Required work:
When you return the entries, keep every word and mark exactly as it is.

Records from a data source
<<<<
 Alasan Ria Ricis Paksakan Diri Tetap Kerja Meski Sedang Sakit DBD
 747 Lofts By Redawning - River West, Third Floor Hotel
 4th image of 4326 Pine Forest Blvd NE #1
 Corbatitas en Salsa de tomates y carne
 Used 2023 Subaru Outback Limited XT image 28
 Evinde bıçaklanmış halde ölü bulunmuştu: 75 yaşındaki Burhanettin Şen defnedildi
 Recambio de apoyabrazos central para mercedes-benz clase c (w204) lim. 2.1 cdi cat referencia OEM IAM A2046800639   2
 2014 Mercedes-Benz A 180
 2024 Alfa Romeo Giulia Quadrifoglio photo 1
>>>>
Solution:
 Alasan Ria Ricis Paksakan Diri Tetap Kerja Meski Sedang Sakit DBD
 747 Lofts By Redawning - River West, Third Floor Hotel
 4th image of 4326 Pine Forest Blvd NE #1
 Corbatitas en Salsa de tomates y carne
 Used 2023 Subaru Outback Limited XT image 28
 Evinde bıçaklanmış halde ölü bulunmuştu: 75 yaşındaki Burhanettin Şen defnedildi
 Recambio de apoyabrazos central para mercedes-benz clase c (w204) lim. 2.1 cdi cat referencia OEM IAM A2046800639   2
 2014 Mercedes-Benz A 180
 2024 Alfa Romeo Giulia Quadrifoglio photo 1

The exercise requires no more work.